Rise Celebrates Passage of the Child Poverty Reduction Act—And Calls for Community Groups and Impacted Parents to Lead Its Implementation

Art by Eileen Jimenez

New York Governor Hochul recently signed the Child Poverty Reduction Act into law after it was passed with near-unanimous support from the Legislature earlier this year. This legislation calls for the creation of a Child Poverty Reduction Advisory Council to explore policies, make recommendations and publish benchmarks, timelines and reports to ensure that NYS reduces child poverty by 50% within the next 10 years. A broad coalition of child advocacy, child care, health, child welfare and poverty-fighting organizations, including the Schuyler Center for Analysis and Advocacy, advocated for the passage of this important legislation.

In November, Rise joined calls for passage of this legislation by submitting a letter of support to Governor Hochul, specifically highlighting the intersection of child poverty and family policing. As described in Rise’s participatory action research report, “In the eyes of the Office of Children and Family Services (OCFS), New York State’s family policing agency, being unable to provide food, clothing and shelter are seen as signs of child neglect. This broad category of neglect accounts for 76% of all ‘child maltreatment’ allegations made to ACS.” Because NY State’s definition of child maltreatment conflates poverty with neglect, reducing child poverty will also help to reduce hotline reports and families’ involvement with the harmful family policing system. 

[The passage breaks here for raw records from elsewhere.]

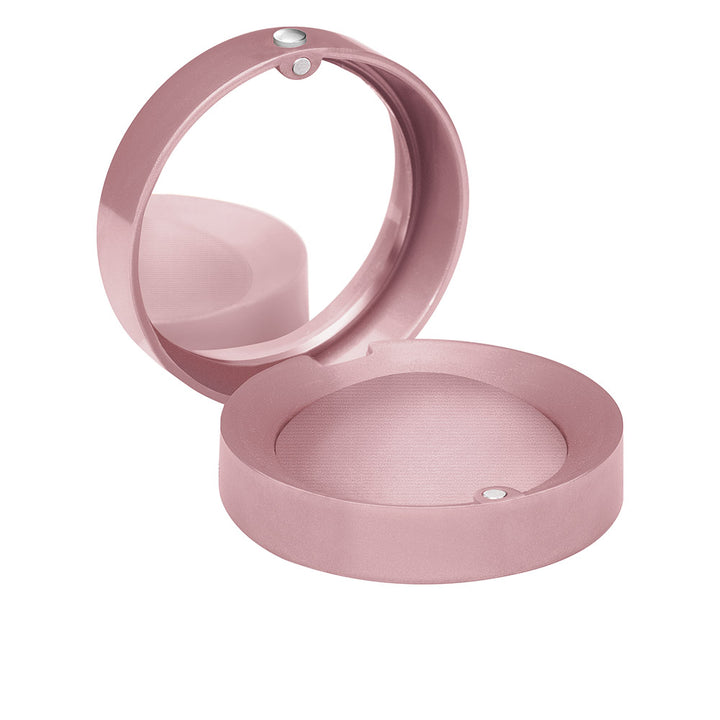 Round compact single mauve eyeshadow in cream-to-powder finish, 1.2 g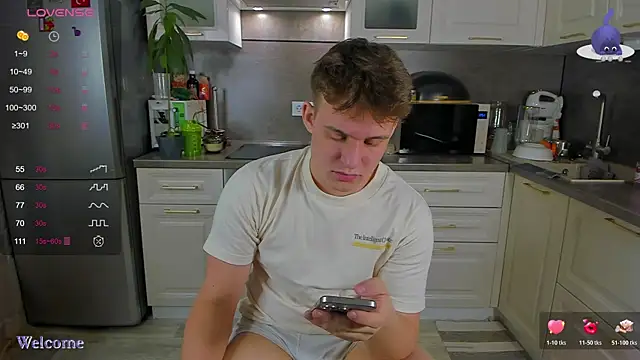 Snapshot of fruitninjaga chatting on December 17, 2025, 10:53 am fruitninjaga online show from December 17, 2025, 10:53 am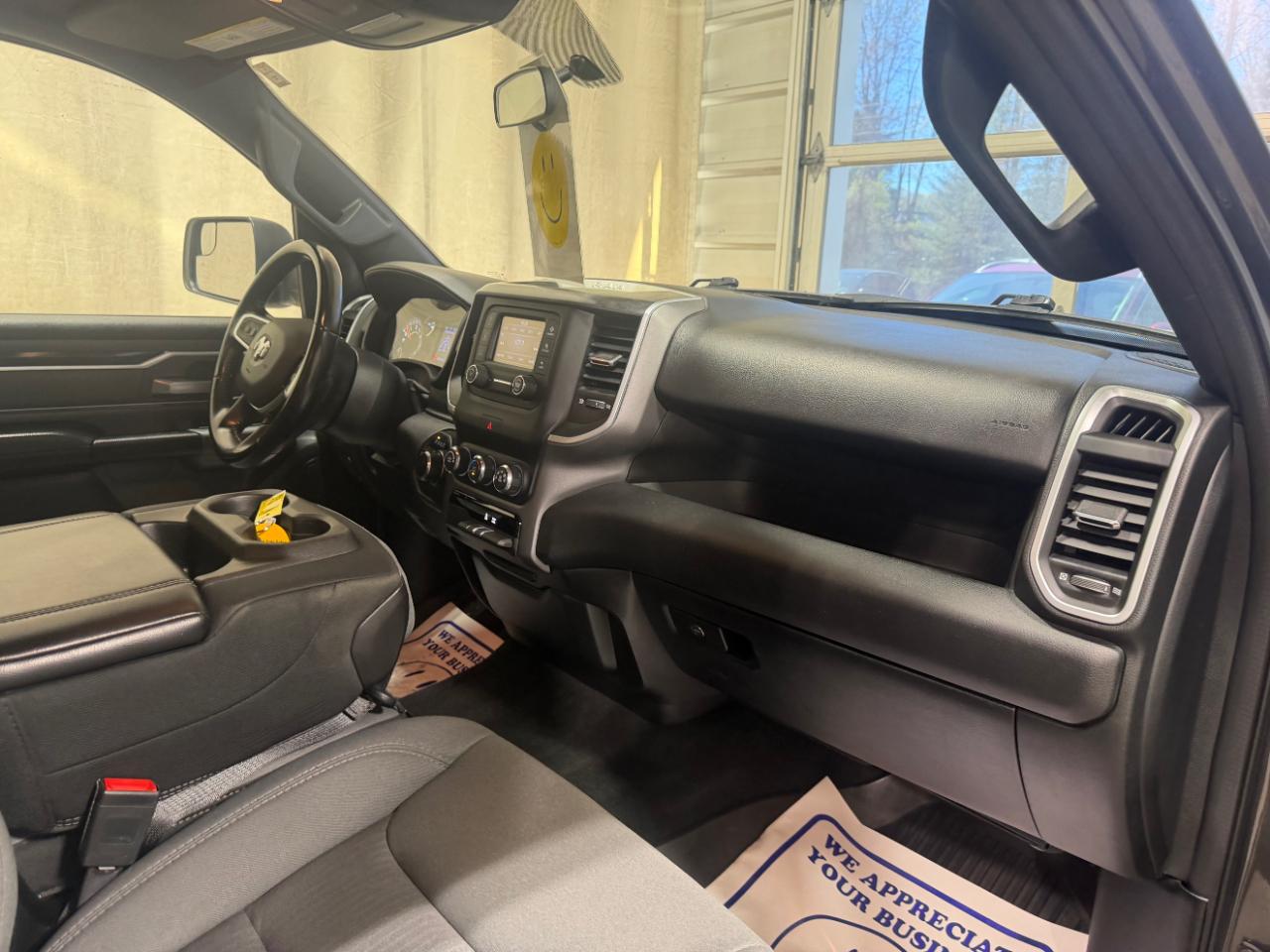 RAM 1500 Big Horn 4x4 Quad Cab 6'4" Box 2022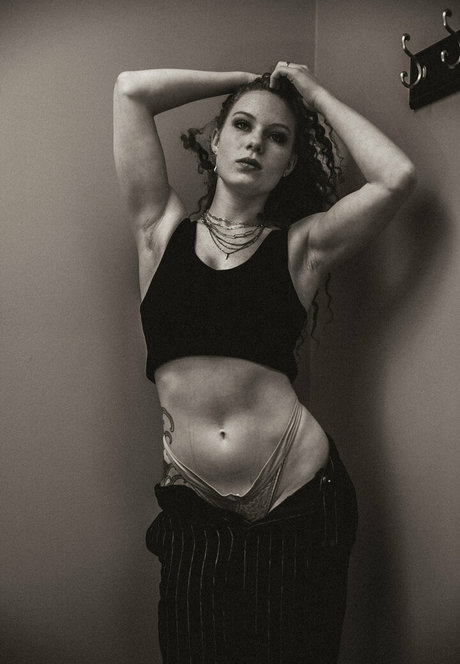 mynamesnotseven xxx model photos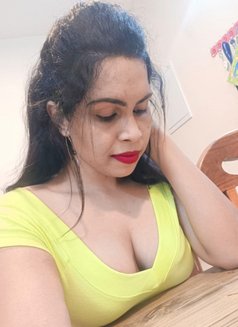 Vennila Fully Operated Transgender - Acompañantes transexual in Chennai Photo 4 of 9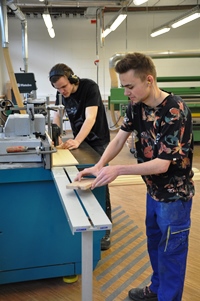 Arbeiten an der Fräse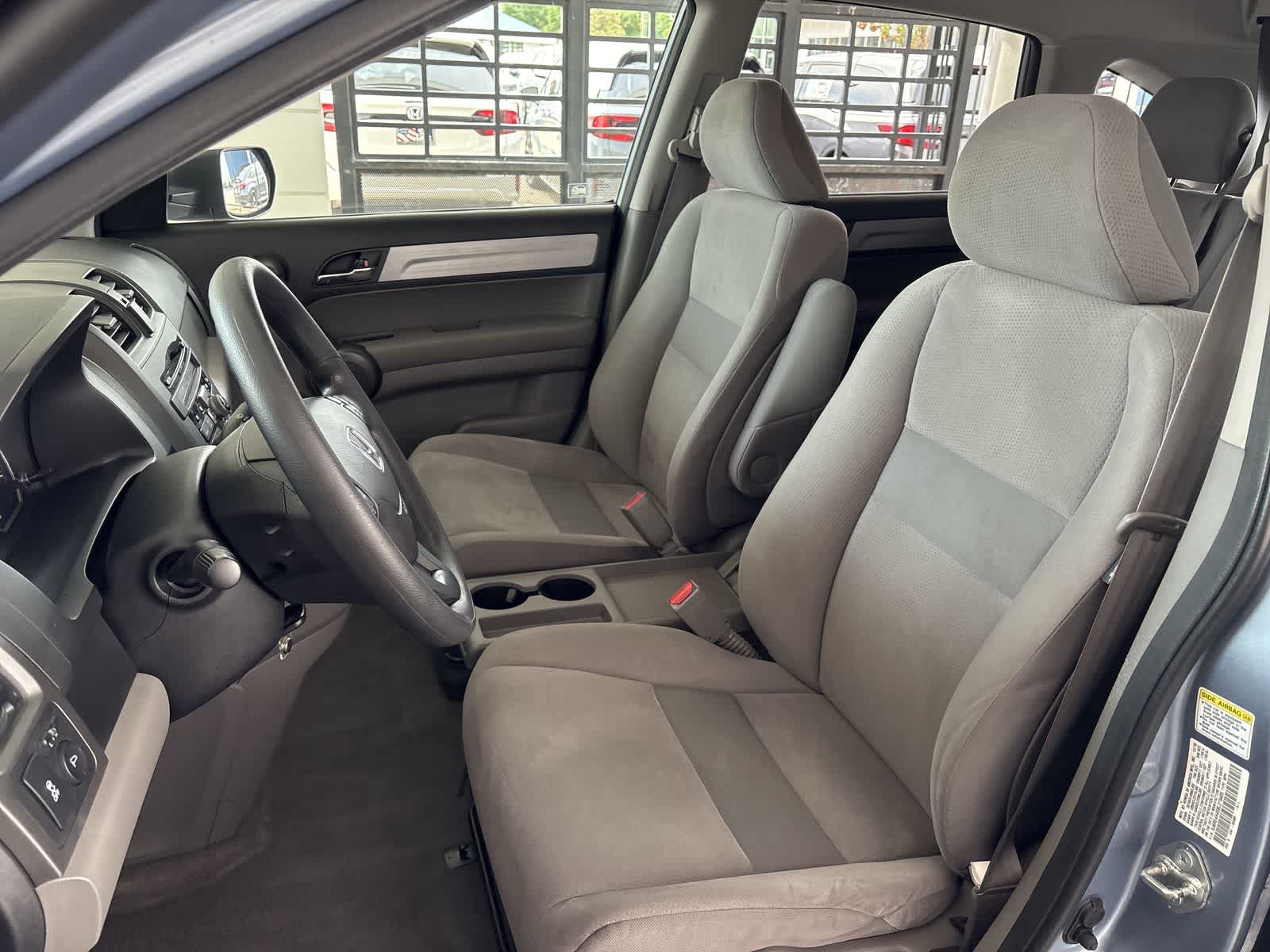 2011 Honda CR-V SE 18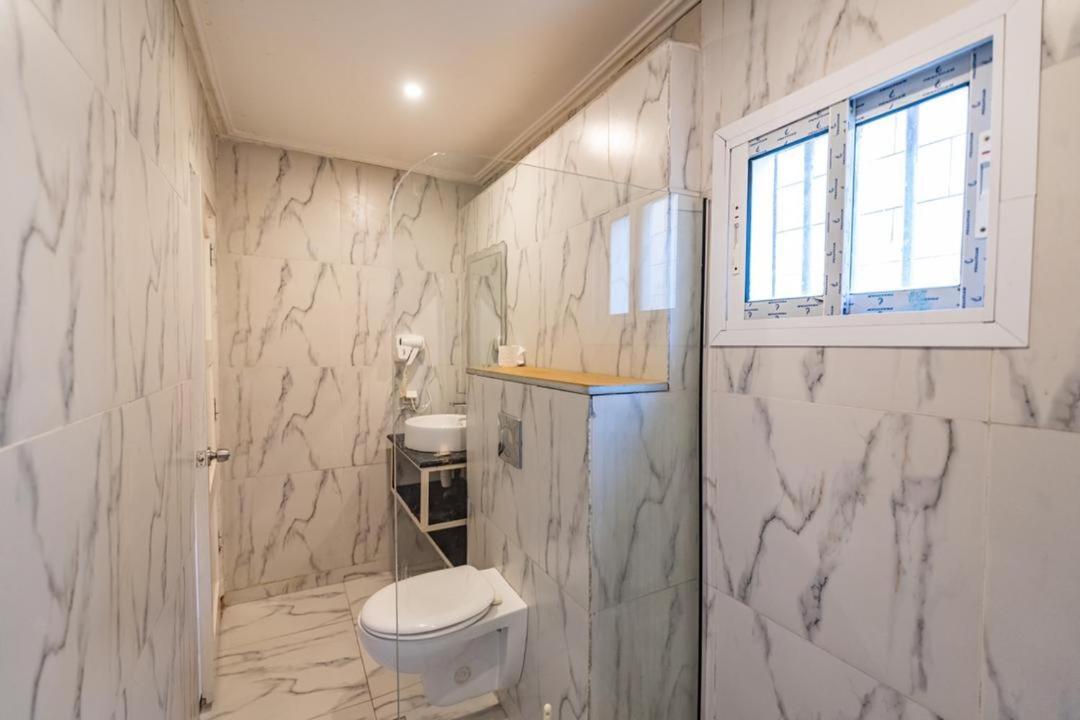 Villa Magnum دوالا المظهر الخارجي الصورة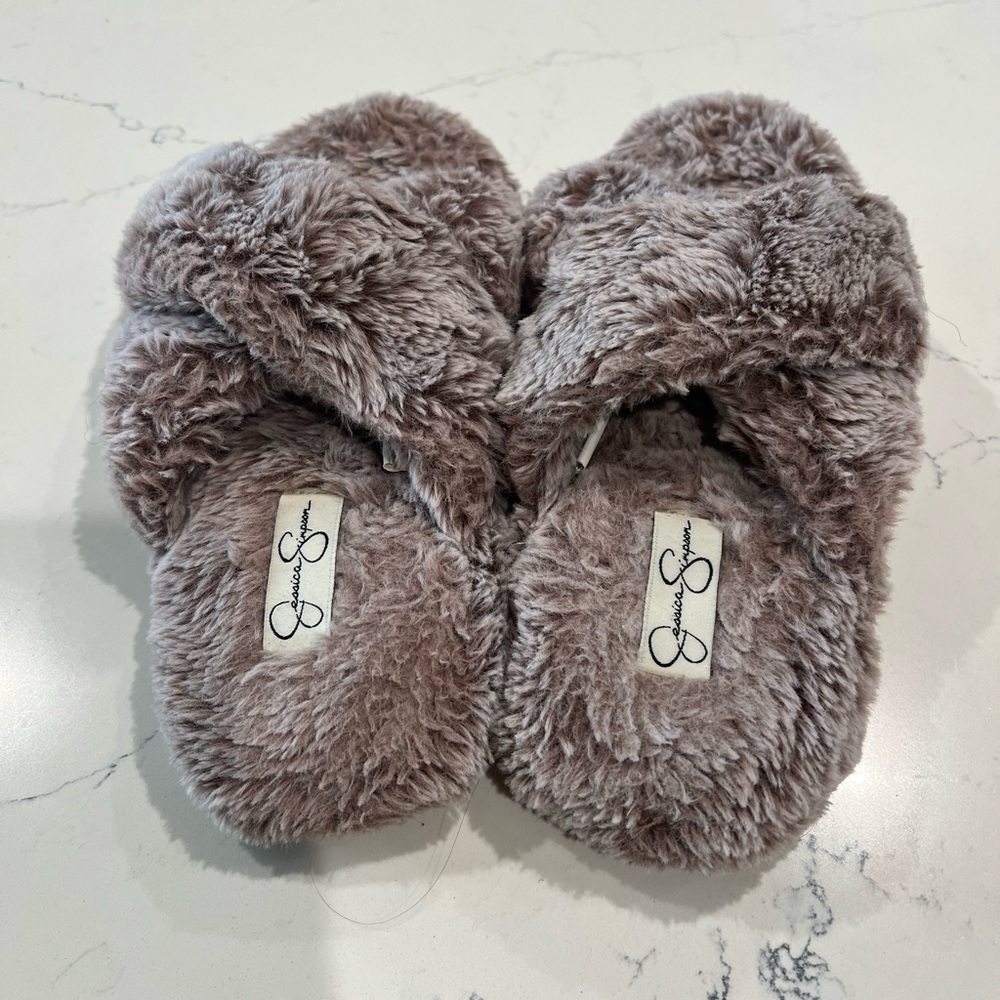 Size small (6-7) Jessica Simpson Plush Cross Band Slide Slippers
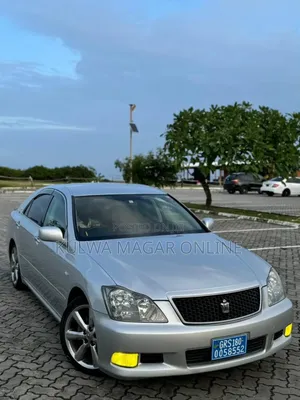 Toyota Crown 2006 Silver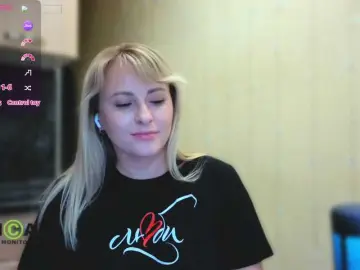 Goood-girl  live sex cam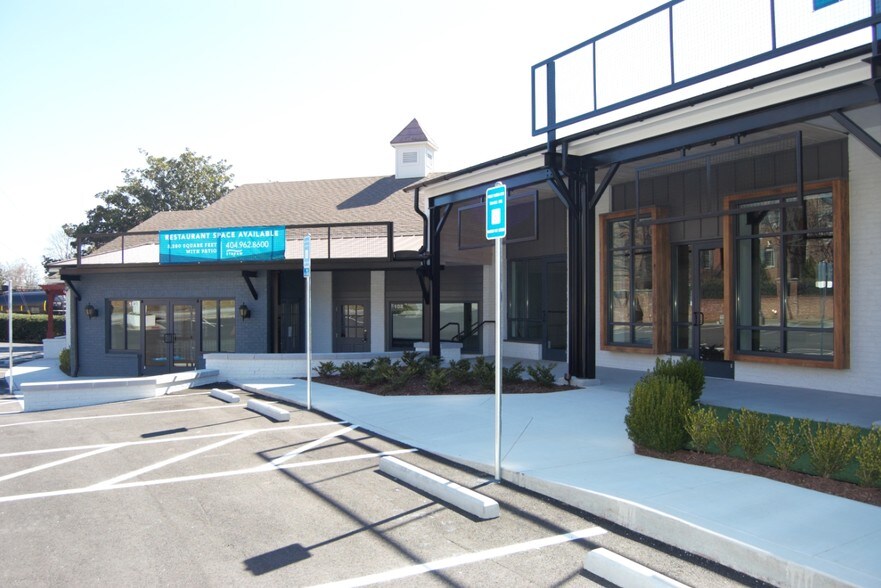 Primary Photo Of 2810 Paces Ferry Rd SE, Atlanta General Retail For Lease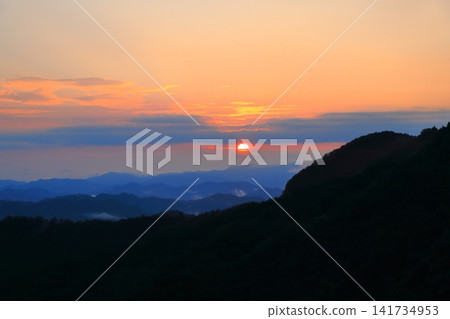 和歌山紀伊山脈的黎明 4 和歌山紀伊山脈的黎明 4 141734953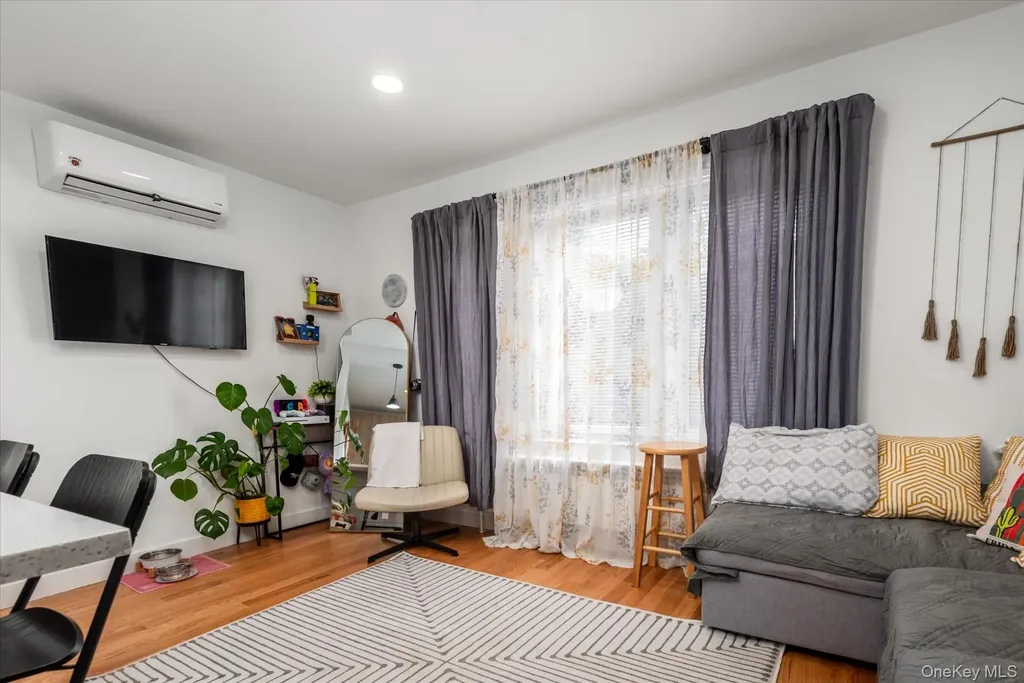 65-17 78th Avenue Glendale NY 11385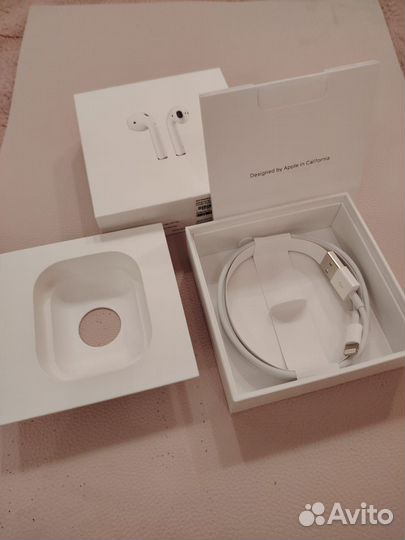 Беспроводные наушники apple airpods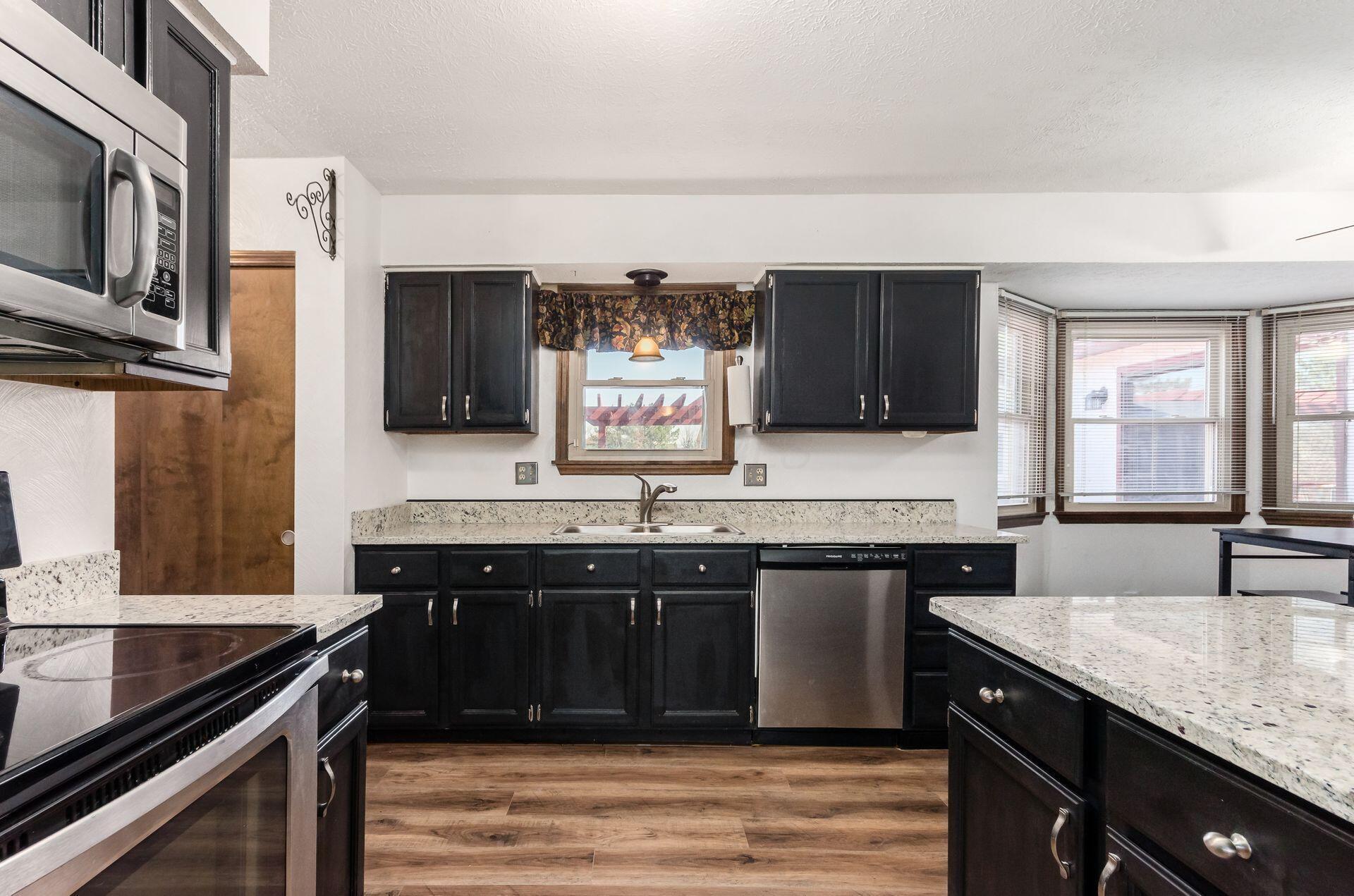 6204 Apache Way, Grove City, Ohio image 8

Rise celebrates passage of this Act, including its focus on strengthening and expanding NY’s Earned Income Tax Credit and child tax credit; expanding work training and employment programs; increasing access to subsidized housing vouchers; and expanding access to subsidized child care. In making recommendations, the Act calls for the advisory board to consider the disproportionate impact of poverty on various racial groups and what policies may assist in alleviating disparities, as well as ways to improve individuals’ access to benefits regardless of immigration status. 

The Child Poverty Reduction Act outlines groups that must have representative appointees on the advisory council developed to lead this effort. As the State works to create the advisory council, it is essential that people directly impacted by systems that punish poverty (including parents impacted by the family policing system) and individuals representing trusted community groups are the majority of its members and lead this work. That will require those tasked with appointing representatives, and the council itself, to consider power dynamics and ensure that the voices of those most affected are given weight in identifying solutions and making decisions. The advisory council should be accountable to communities impacted by poverty, and information about its membership and work should be transparent and accessible. 

It is concerning that the legislation calls for OCFS to be involved in the council, as family policing agencies do not address root causes of family stress, such as poverty and inequity. Rise’s participatory action research report calls for disentangling family support from family policing agencies. As the advisory council works to expand access to subsidized housing and subsidized child care, it is critical that these resources be made available to families without requiring that they be in crisis or involved with the family policing system. 

As the State begins to implement the Act, Rise calls for the advisory council to center representation, leadership and decision making by grassroots community groups and individuals directly impacted by poverty and by systems that police and punish poverty.